Mapware’s Photogrammetry Pipeline, Part 2 of 6: Homography
In the previous article on Mapware’s photogrammetry pipeline, we described how our software uses keypoint extraction to help a computer see the most distinctive features in each image without human eyes.
The next step, homography, involves pairing images together based on their keypoints. To understand how this works, you need to know a little more about how a computer “sees” images.
The limits of computer vision
It can be helpful to think of photogrammetry image sets like puzzle pieces. In the same way that humans snap puzzle pieces together into a complete picture, photogrammetry software connects drone images together to generate a 3D model of the whole site.
But there’s an important difference. Unlike humans, computers don’t actually understand the features depicted in each image. Whereas a human might intuitively know that a puzzle piece showing the back half of a truck connects to another piece showing its front half, a computer wouldn’t know that they go together because it doesn’t see a truck – it sees pixels.
What a computer can do, however, is identify the same truck in two images based on their mathematically similar keypoints.
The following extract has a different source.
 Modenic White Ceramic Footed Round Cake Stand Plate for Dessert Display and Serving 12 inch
This is why drone photographers take overlapping photos.
The purpose of overlap
Overlap occurs when two adjacent photographs show part of the same scene on the ground. If you take two photos with 50% overlap using a drone, that means you take the second photo when the drone has only moved halfway beyond the area where it took the first photo. Any keypoints generated within the overlapping region are created twice—one per image. The similarities between these keypoints will help the computer pair photos go together during homography.
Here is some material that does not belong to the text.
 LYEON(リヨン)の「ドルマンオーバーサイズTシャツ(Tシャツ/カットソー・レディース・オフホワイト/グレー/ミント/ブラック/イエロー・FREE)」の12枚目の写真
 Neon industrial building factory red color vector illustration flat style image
NOTE: Many drone flight control apps are designed to automate photogrammetry data capture, and these typically let pilots specify the amount of overlap they want between adjacent images. If you are using one of these, Mapware recommends configuring a front and side overlap of 70% to generate the highest quality models.
The homography process (in two steps)
In the homography process, Mapware considers each pair of images independently (pair by pair) to identify which images overlap and, if so, what is the best possible linear transformation that relates the first image to the second image. In other words, for a given point in the first image, Mapware determines how to transform it to get the corresponding point in the second image. We’ll break this two-step process down below.
Step 1: keypoint matching
In the first step, Mapware runs an algorithm to compare each image in the set to every other image in the set. If it finds two images with nearly identical keypoint fingerprints, it designates the two images as a pair. Mapware iterates through the entire image set until each image is (hopefully) paired with at least one other image.
Step 2: linear transformation
Remember that keypoint fingerprints are invariant (unchanging) with regards to scale and orientation – meaning they generate nearly identical values even after being enlarged, shrunk, or spun around. This is important in the keypoint matching step because it helps Mapware pair two images even if one image is taken by a drone at a higher altitude or different angle.
But Mapware must eventually stitch all of the images together into a 3D model, and that involves undoing these differences to help the images fit together properly. The second step of the homography process does this using linear algebra. It finds the most probable linear transformation between the two keypoints—in other words, it mathematically calculates the best way to stretch, rotate, and translate the first image’s keypoints so they are identical to the second image’s keypoints.
After homography
Once Mapware has identified image pairs and calculated their scale/orientation differences, it can align all the images together into a composite image of the whole landscape. This is called structure from motion (SfM) and will be described in the next article in this series.